Zimbabwe’s main opposition party, the Movement for Democratic Change (MDC), celebrated its fifth anniversary over the weekend. However, ceremonies to mark the event were overshadowed by the question mark hanging over the party’s participation in next year’s parliamentary election.
In his anniversary message, MDC president Morgan Tsvangirai said the party has dealt a blow to “the myth of invincibility that has come to be associated with [President] Robert Mugabe”.
“We must place on the public record that our major victory in the past five years was in building a force that has changed the political landscape of Zimbabwe and ushered in an era of active, multiparty politics in the country,” he noted.
In 2000, the MDC — then only nine months old — became the first opposition group to challenge the ruling Zanu-PF party’s vice-like grip on power by winning 57 of the 120 seats in Parliament.
As 30 legislators are appointed by the president, the MDC would have needed 76 seats to gain control of Parliament — a body that has been dominated by Zanu-PF since Zimbabwe attained independence from Britain in 1980.
Since then, the MDC has lost six of its seats in by-elections marked by the political intimidation that has come to characterise life in Zimbabwe over the past five years — and which is overwhelmingly directed against the opposition.
Last month, the Geneva-based International Parliamentary Union said the government has done little to stop youth militias linked to the ruling party from persecuting and torturing MDC parliamentarians.
With only six months to go before the 2005 poll, Zimbabwe’s courts have yet to rule on appeals concerning 25 of the 37 seats the party says were illegally won by Zanu-PF in 2000, due to violence and intimidation by ruling-party supporters. Of the 12 seats already ruled on, the court decided in favour of the MDC for seven appeals — dismissing the other five cases.
The opposition has also found itself in court over treason charges filed against Tsvangirai, who is awaiting a verdict on charges of plotting to assassinate Mugabe. If convicted, the MDC leader faces the death penalty.
Partly as a result of intimidation, the party — a product of the trade-union movement — has laid down a set of conditions for its participation in the 2005 election. It is hoped that these conditions will correct an electoral process that is skewed in favour of the ruling party.
“We are preparing for elections … What we did was to suspend participation, but we did not boycott the election,” said Tsvangirai this weekend, while addressing a rally in the southern city of Bulawayo.
In addition to operating in a violent environment, the opposition also finds its activities circumscribed by the Public Order and Security Act — which requires that the police approve all meetings of a political nature.
Under the equally infamous Access to Information and Protection of Privacy Act, Zimbabwe’s sole privately owned daily — The Daily News — was closed down. This has created a situation where public perceptions of the MDC are, largely, in the hands of the state media — which typically portrays the party in a negative light.

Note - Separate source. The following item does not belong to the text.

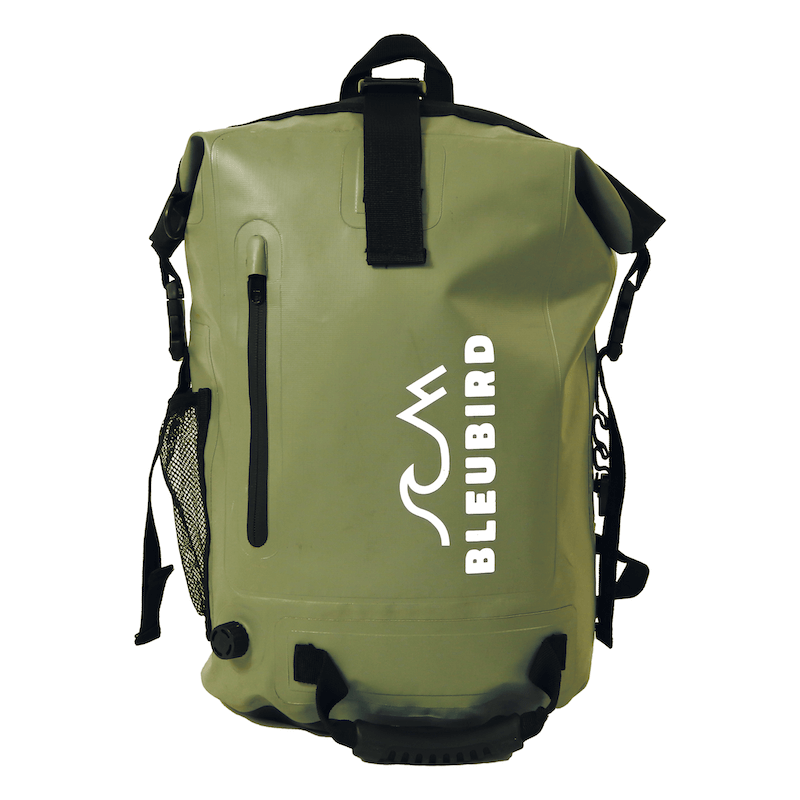 Drybag Backpack 40L Olive – Triton Outdoors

The MDC says it will not contest the 2005 poll if the government fails to reform Zimbabwe’s electoral system along principles agreed by the Southern African Development Community (SADC) at a two-day summit held in Mauritius that ended on August 17.

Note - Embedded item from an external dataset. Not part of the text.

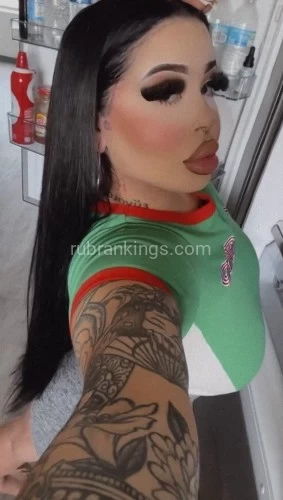 (971)387-6668 is Mixedand offers nuru massages, asian massage, bodyrubs in Phoenix and available for both on rubrankings Hi papi, I’m Sofina! A seductive vixen with big plush soft lips, a pearly white smile, long black curls, manicured hands and feet, sexy tattoos and a beautiful hourglass body to trace your fingers along, you’ll be in a trance soon enough. I’m an erotic mix of Thai and Puerto Rican, I’m passionate, confident, a bit goofy at times and have a warm personality that is sure to make you feel at ease like you deserve to. kick back, and let me do the dirty work ? I can go to you or you’re welcome to come to me, I do host privately. I’m the break that you truly deserve and I can’t wait to meet you!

These principles stipulate, among other things, that the 13 SADC member states should allow opposition parties to campaign freely. They also require countries in the region to set up impartial electoral institutions.

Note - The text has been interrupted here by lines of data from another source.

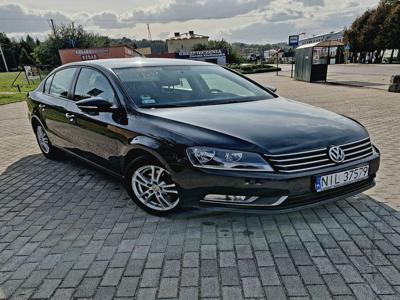 Volkswagen Passat B7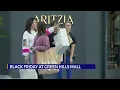 Black Friday at Green Hills Mall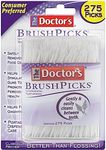 The Doctor's BrushPicks Interdental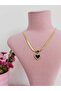 Women's Necklace - New Chain Elegant Model Simple Stylish Design - 2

“[The] SADC must push Mugabe to honour his word, and do so early enough to have our elections,” said Tsvangirai in his anniversary statement. He has dismissed as cosmetic last week’s announcement by Harare that it is going to establish an independent electoral commission to monitor polls.
The MDC says its participation in the poll will also depend on it being given unfettered access to the media — and on whether a transparent voter registration process is put in place.
However, with certain analysts already expressing doubt as to whether Zanu-PF will meet all of these demands, the MDC’s statements are viewed by many as a signal that the party will boycott the 2005 election. This has split public opinion down the middle.
Some feel the move was ill-timed, coming at a time when the SADC appeared to have departed from tradition by applying pressure on Zimbabwe’s government to reform its ways.
The MDC, the argument goes, should have “tested the waters” first to take the measure of reforms duly proposed by authorities — which also include a pledge to provide transparent ballot boxes, reduce the number of voting days from two to one and allow ballots to be counted at polling stations.
Others such as Lovemore Madhuku, chairperson of the National Constitutional Assembly (NCA), says the “boycott” is long overdue. (The NCA groups civic organisations that are pushing for the adoption of a new Constitution in Zimbabwe.)
Madhuku, whose offices were ransacked by police earlier this month, describes the MDC’s decision to suspend participation as a “wise move” — and almost inevitable, given the course of democratic struggles elsewhere.
“All people in the world who have fought for the genuine opening-up of democratic space have not had the privilege that the MDC has had — participating in the system, while on the other hand fighting to change it.”
In addition to the disputed parliamentary election of 2000 and presidential poll in 2002, the past five years in Zimbabwe have witnessed the enactment of a controversial land-reform programme that began with farm occupations by war veterans and ruling-party militants. Most of the farms concerned were owned by minority whites — a legacy of colonial rule in Zimbabwe that has proved resistant to change in the two decades following independence.
The farm seizures precipitated an economic crisis in the country, which has seen its economy contract by about 7% a year. Inflation has soared to 400%.
Some have accused the MDC of failing to provide strong leadership against this backdrop of political and economic crisis. They includes the outspoken Catholic Archbishop of Bulawayo, Pius Ncube, who describes the party as “sitting back” and failing to harness public anger.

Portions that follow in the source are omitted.